従軍慰安婦発言で国内どころか諸外国からも猛反発を食らって、顔面青タン赤タンだらけ。加えて、聞かれてもないのに沖縄米軍の風俗活用案までペラペラしゃべってアメリカ社会をカンカンに怒らせ、姉妹都市のサンフランシスコ訪問まであきらめざるを得ない状況。なんとか目先を変えて、この窮地を脱しようと「八尾」を出してきたことは、子どもにだってわかる。
沖縄の基地負担軽減については私もあちこちで書いたり、しゃべったりしてきた。だから、橋下さんが大阪府知事時代、普天間の移設先に不便このうえないことに加えて赤字続きの関西空港を挙げたときには、「おっ、思い切ったことを言うなあ」と感心した。だけど、結果はいつもの「言ってみただけ」。今度の件だって、沖縄の苦悩がまた本土にもてあそばれたということになりかねない。
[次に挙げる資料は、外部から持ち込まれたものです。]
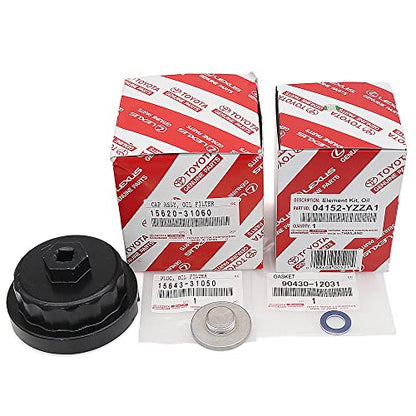 Genuine Engine Oil Filter, Housing Cap Holder, Drain Plug Washer Set w Wrench Removal Replacement Tool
普天間飛行場は隣接する第二小学校を含めて、何度も取材した。米軍でさえ認めている「世界一危ない飛行場」であることは間違いない。一方、八尾空港は民放各社がヘリ基地としているので、私も何度も利用した。周辺に住宅が密集しているのは普天間以上だ。加えて、20〜30キロの範囲に関空、神戸、伊丹の3空港がひしめき、海上は明石海峡大橋の下を多数の船が通る主要航路だ。
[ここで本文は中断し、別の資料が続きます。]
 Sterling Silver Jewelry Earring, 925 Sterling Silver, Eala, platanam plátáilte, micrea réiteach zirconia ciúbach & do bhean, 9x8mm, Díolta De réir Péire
陸海空がそんな状況の地域で「ウイドーメーカー」とまで呼ばれる危険なオスプレイの訓練をさせるというのか。何より事故を最も恐れる米軍が、こんな空域で訓練するわけがない。
そもそも、オスプレイに関しては、日米協議で日本中どこでも訓練飛行ができることになっている。さらに訓練拠点はキャンプ富士と岩国基地とされ、米軍はそれ以上の拠点を求めていない。余計なお世話を焼かれた米軍は目を白黒させているに違いない。
参院選を前に落ち目の維新・橋下さんにしてみれば、取りあえず人気の高い安倍政権に、にじり寄っておきたい。一時は慰安婦問題で、維新に対して「来るな、触るな、近寄るな」だった安倍さんも、選挙後の憲法改正では維新は役に立つかもしれない。そんな思惑が一致したのが今回の八尾移設ではないのか。
選挙や政争のためには、オスプレイもスタンドプレイに使う。政治家が哀れに、政治が哀しく見えてくる。